Task details
Return, character for character, the lines from the one bearing "MTDK HK 25T" through the end of the material. Omit everything before that line.
[Start of Attachment]
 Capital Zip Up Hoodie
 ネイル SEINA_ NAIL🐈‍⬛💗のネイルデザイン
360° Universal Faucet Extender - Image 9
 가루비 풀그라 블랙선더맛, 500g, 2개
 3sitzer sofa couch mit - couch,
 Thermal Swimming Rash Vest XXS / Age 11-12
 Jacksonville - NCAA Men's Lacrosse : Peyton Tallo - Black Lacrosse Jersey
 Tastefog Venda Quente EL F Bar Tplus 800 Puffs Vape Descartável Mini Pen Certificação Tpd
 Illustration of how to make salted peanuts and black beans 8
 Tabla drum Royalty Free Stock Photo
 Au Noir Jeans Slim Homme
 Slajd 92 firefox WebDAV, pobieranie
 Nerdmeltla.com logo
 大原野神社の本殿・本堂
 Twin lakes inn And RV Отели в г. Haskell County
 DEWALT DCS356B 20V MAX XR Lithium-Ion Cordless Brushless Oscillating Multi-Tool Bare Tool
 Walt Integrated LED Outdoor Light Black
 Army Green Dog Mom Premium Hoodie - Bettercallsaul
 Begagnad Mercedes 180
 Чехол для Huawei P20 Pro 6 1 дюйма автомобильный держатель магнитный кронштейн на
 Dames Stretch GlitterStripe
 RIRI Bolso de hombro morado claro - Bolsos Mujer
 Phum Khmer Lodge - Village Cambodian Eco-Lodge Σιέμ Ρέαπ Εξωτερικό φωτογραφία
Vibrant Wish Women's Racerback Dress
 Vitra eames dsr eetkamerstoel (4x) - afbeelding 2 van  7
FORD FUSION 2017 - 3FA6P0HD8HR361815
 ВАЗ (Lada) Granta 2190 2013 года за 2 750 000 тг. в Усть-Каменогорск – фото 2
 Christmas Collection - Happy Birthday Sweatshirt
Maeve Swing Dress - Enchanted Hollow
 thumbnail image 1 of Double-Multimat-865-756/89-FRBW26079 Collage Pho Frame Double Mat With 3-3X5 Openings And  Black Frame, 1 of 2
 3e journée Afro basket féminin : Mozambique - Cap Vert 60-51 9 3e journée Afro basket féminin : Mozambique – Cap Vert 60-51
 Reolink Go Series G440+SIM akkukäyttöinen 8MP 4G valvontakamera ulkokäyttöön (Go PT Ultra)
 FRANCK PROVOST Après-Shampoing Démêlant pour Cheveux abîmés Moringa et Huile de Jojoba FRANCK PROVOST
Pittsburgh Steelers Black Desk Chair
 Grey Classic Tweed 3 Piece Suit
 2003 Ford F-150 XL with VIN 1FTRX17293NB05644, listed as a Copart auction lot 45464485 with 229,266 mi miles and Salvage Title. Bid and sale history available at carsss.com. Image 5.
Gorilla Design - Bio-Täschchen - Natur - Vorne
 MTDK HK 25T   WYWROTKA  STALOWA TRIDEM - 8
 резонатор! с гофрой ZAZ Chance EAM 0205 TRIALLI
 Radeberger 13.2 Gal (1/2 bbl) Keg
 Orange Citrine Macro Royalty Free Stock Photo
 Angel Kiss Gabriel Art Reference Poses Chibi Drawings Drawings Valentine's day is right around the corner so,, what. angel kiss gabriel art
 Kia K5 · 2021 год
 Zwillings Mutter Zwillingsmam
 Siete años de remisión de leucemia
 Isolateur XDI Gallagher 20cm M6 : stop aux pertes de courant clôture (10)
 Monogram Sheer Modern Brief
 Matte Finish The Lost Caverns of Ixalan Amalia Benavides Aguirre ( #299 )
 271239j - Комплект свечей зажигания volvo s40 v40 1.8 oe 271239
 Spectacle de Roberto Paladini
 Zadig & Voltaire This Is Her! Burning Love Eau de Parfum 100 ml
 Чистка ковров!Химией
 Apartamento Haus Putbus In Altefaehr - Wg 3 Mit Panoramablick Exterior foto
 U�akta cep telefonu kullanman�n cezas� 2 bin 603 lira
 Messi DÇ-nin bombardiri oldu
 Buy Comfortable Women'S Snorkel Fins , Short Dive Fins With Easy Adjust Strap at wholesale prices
[End of Attachment]
Output for this exercise
 MTDK HK 25T   WYWROTKA  STALOWA TRIDEM - 8
 резонатор! с гофрой ZAZ Chance EAM 0205 TRIALLI
 Radeberger 13.2 Gal (1/2 bbl) Keg
 Orange Citrine Macro Royalty Free Stock Photo
 Angel Kiss Gabriel Art Reference Poses Chibi Drawings Drawings Valentine's day is right around the corner so,, what. angel kiss gabriel art
 Kia K5 · 2021 год
 Zwillings Mutter Zwillingsmam
 Siete años de remisión de leucemia
 Isolateur XDI Gallagher 20cm M6 : stop aux pertes de courant clôture (10)
 Monogram Sheer Modern Brief
 Matte Finish The Lost Caverns of Ixalan Amalia Benavides Aguirre ( #299 )
 271239j - Комплект свечей зажигания volvo s40 v40 1.8 oe 271239
 Spectacle de Roberto Paladini
 Zadig & Voltaire This Is Her! Burning Love Eau de Parfum 100 ml
 Чистка ковров!Химией
 Apartamento Haus Putbus In Altefaehr - Wg 3 Mit Panoramablick Exterior foto
 U�akta cep telefonu kullanman�n cezas� 2 bin 603 lira
 Messi DÇ-nin bombardiri oldu
 Buy Comfortable Women'S Snorkel Fins , Short Dive Fins With Easy Adjust Strap at wholesale prices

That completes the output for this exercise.